March for Eric Garner
Staten Island, New York, USAYou may have heard various accounts of the march and rally organized by Rev. Al Sharpton and the family of Eric Garner. When the Racial Justice Initiative at All Souls decided to march, I went, too.
It wasn't that long ago that I was teaching in Canarsie, Brooklyn. All of my students were black, Latino, Caribbean Islanders, and other minority identities. Many lived in Brownsville, East New York, Canarsie, Flatbush and other designated high crime neighborhoods where police presence was strong and stop-and-frisk was a fact of life. Any one of my boys could have been Ramarley Graham. Many lived in low-income housing where armed NYPD are authorized to walk the halls of high rise buildings seeking out infractions. We didn't talk about it, but I knew that, statistically speaking, most of them had been stopped-and-frisked multiple times. They all distrusted the police.

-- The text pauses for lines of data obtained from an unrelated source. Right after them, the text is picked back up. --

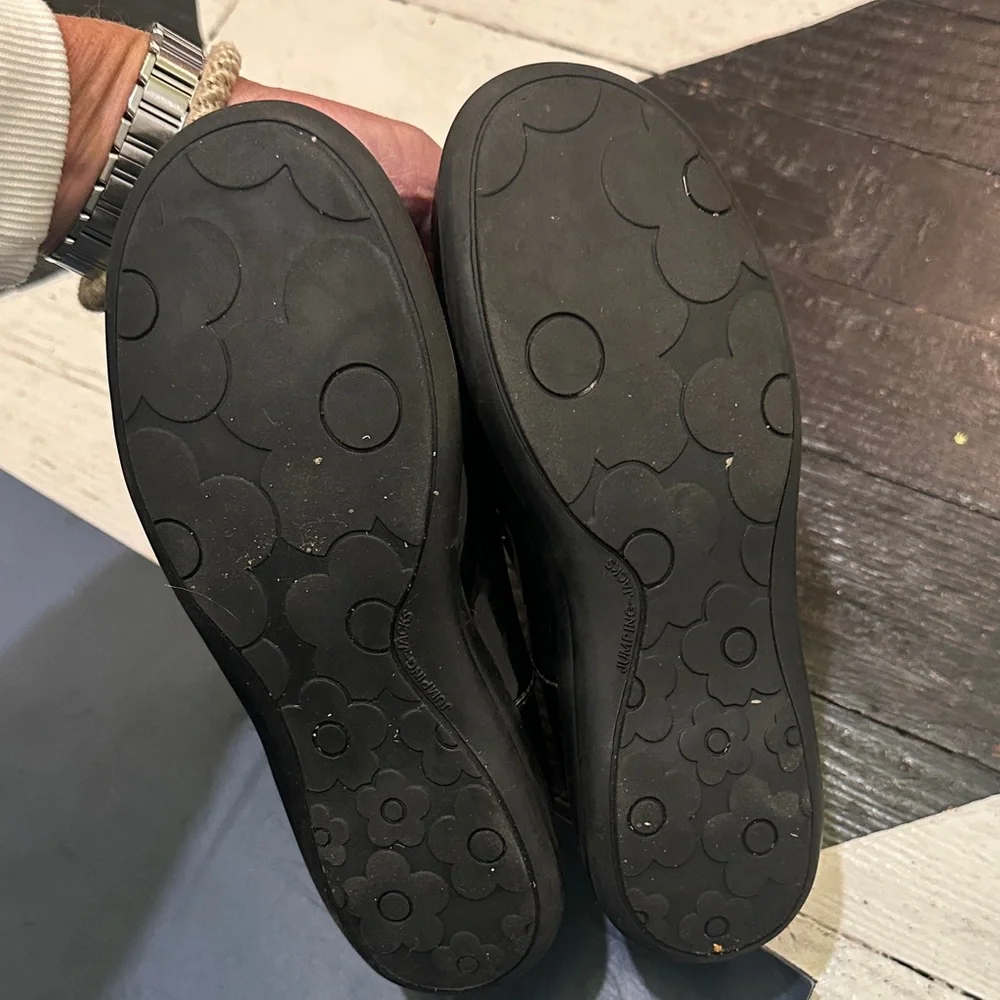 Jumping Jacks Black Patent Dress Shoes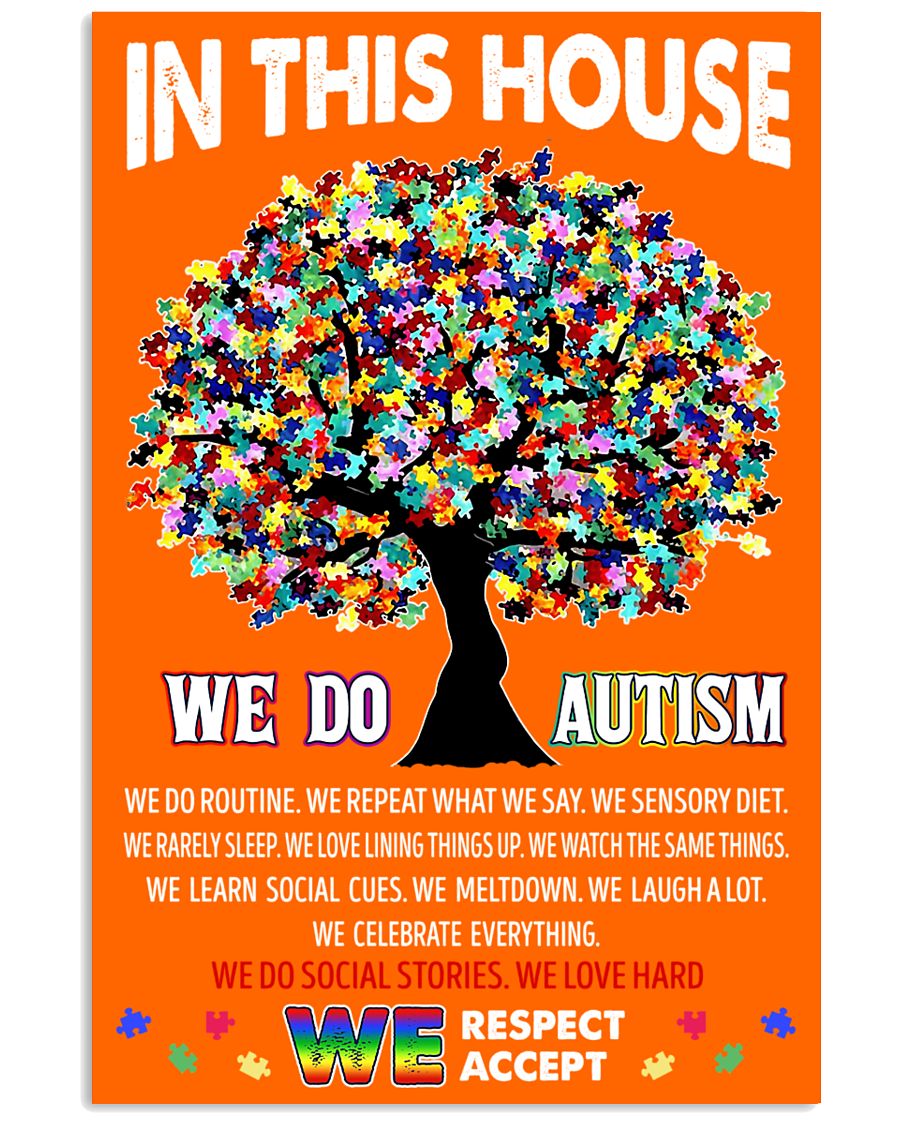 Limited Edition - Selling Out Fast - Autism Awareness Poster 0921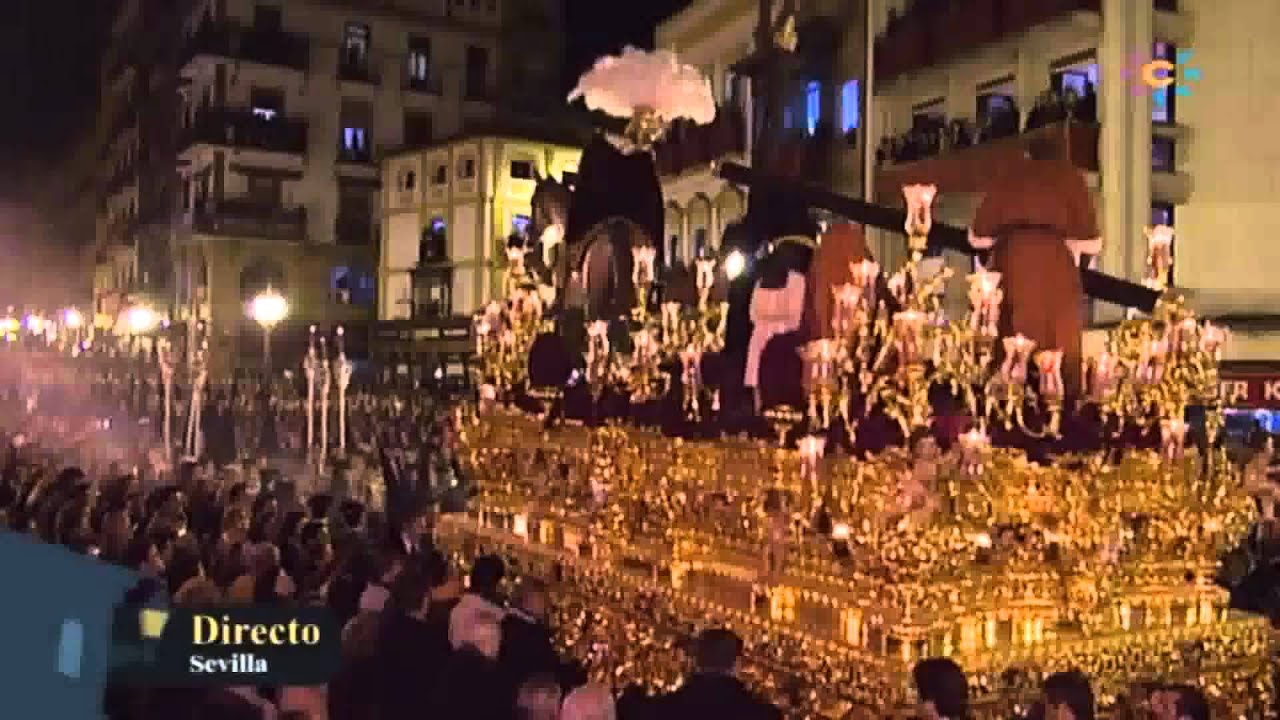 Cristo de las Tres Caídas de Triana en Campana 2011 (Montaje) - Madrugá Sevilla II @AngelRescatero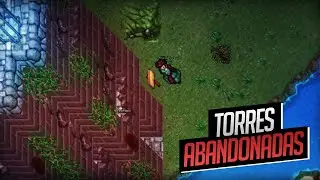 5 TOWERS Abandonadas no Tibia que eram Respawns Antigos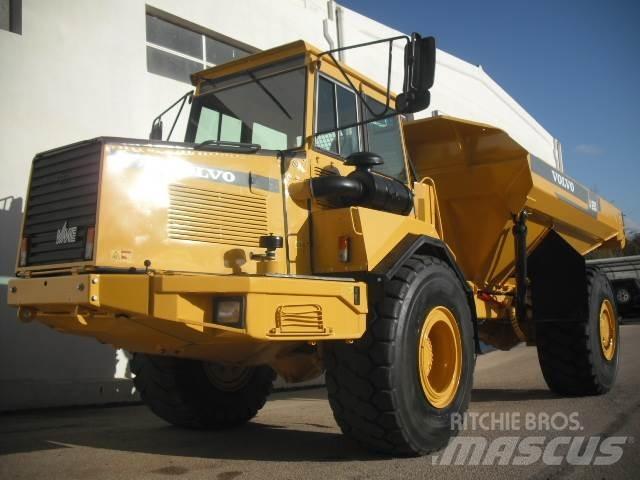 Volvo A 25 C   4x4 Wozidła przegubowe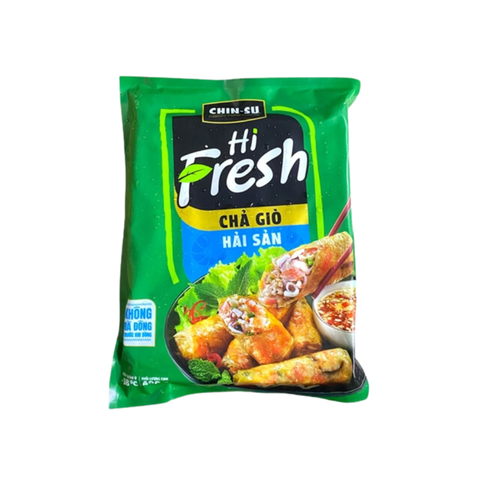 Chả giò hải sản Hi Fresh 400g Chin-su (gói)
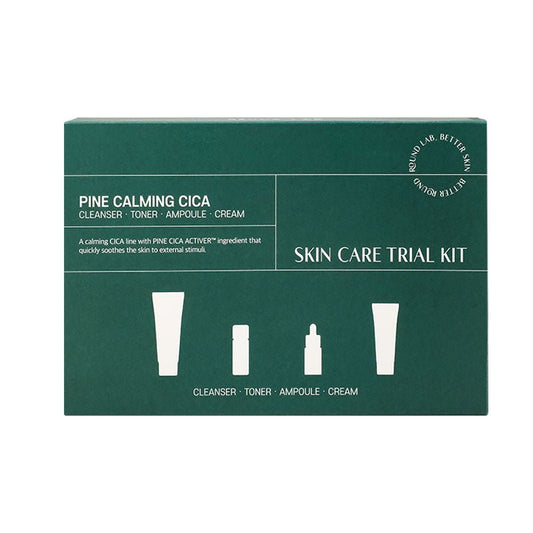 Round Lab Pine Calming Cica Trial Kit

Even at school, all students were subjected to full-body scanning each morning as they entered the building, and school safety officers in the hallways who are employees of the NYPD. Even excelling, well-behaved students were not exempt from these indignities. I know how insulted and degraded I feel taking my shoes and belt off for screening at the airport. As a white woman speaking in an educated register, I know that I will never be profiled and chosen for "random" additional inspections, even with 20 pages of Arabic in my passport. I could only imagine what it felt like for my students to know that they were subject to this treatment every day, in school and on the streets, regardless of their academic, athletic or other achievements.
For this and for so many other indignities to the inherent worth and dignity of people of color in this country, I marched. I listened to this group and that chant, bearing witness to their anger and needs. We carried signs from SEIU 1199, the health workers union of which Eric Garner's mother is a member and organizer.
Kelly was interviewed on camera about why a white person would march for black lives. In part she said that, as a school social worker, these are her children who are being stopped-and-frisked, profiled and harmed. She acquitted herself with exceeding grace, and made the cut for the evening news.
At the end of the march, there was a rally hosted by Rev. Al Sharpton and the extended family of Eric Garner. I was very impressed that every speaker began by thanking the NYPD for the graciousness with which they greeted and shepherded this march, and for the important service they do for our city. And then they all called for reform of the bad apples in the service, and for legal action against officers who take a life like Eric Garner's. Every member of Eric Garner's family spoke, and they all encouraged us to make our voices heard, but urged us to do so without violence. We also heard from city officials, religious leaders, the Nation of Islam, and my hero/girl-crush Debbie Almontaser of the Arab American Association of New York.
It was a powerful day. A beautiful day for a march, a powerful crowd to march with, an important message to tell.